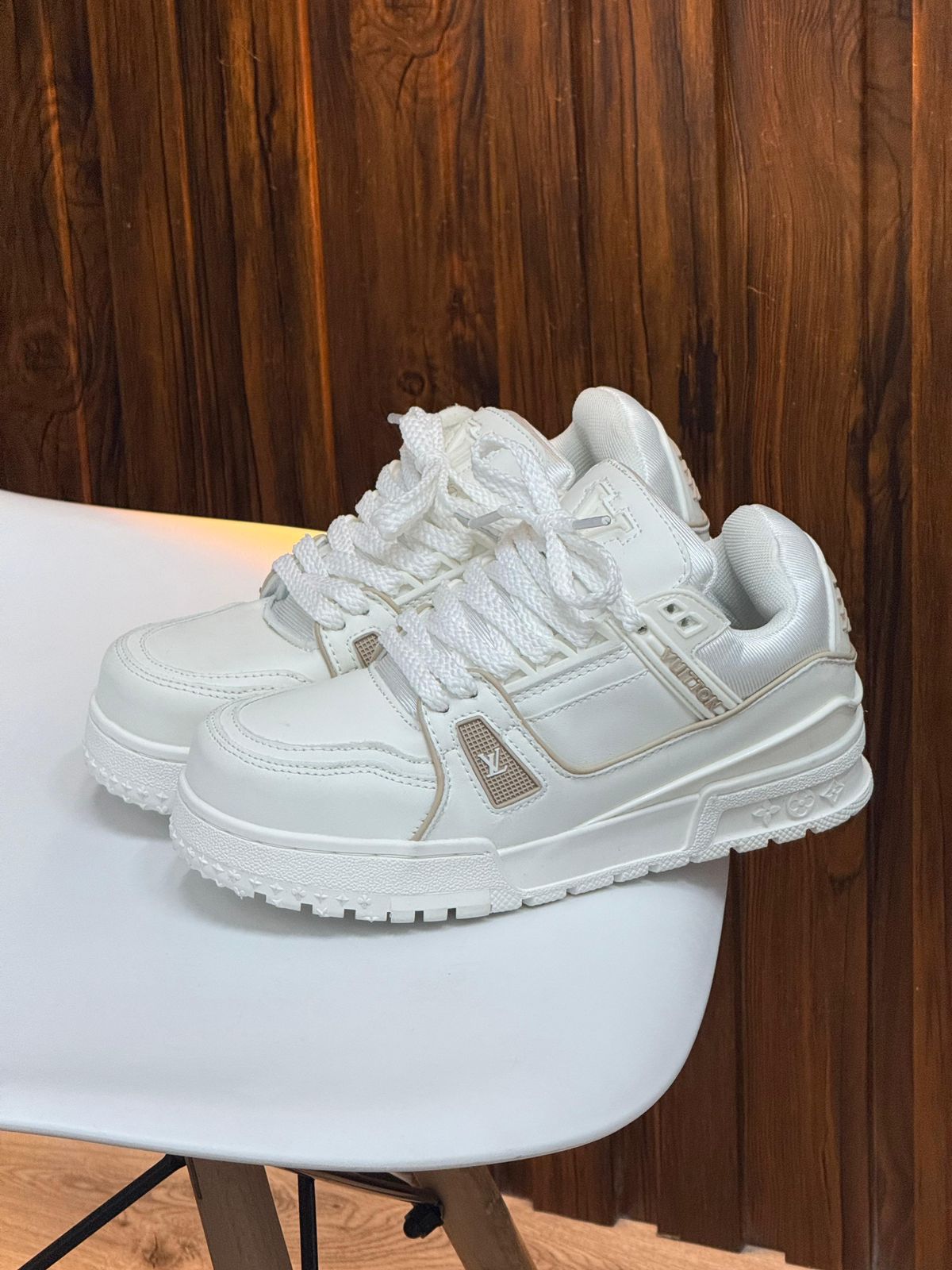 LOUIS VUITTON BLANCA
= = = = = = =
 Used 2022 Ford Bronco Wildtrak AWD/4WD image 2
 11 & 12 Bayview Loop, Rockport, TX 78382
= = = = = = =
- [Exercise prompt]
Starting at the line above that holds "Used 2022 Ford" and ending at the line that holds "11 & 12 Bayview Loop, Rockport, TX 78382", transcribe each line exactly and include no other lines.

- [Final answer]
 Used 2022 Ford Bronco Wildtrak AWD/4WD image 2
 11 & 12 Bayview Loop, Rockport, TX 78382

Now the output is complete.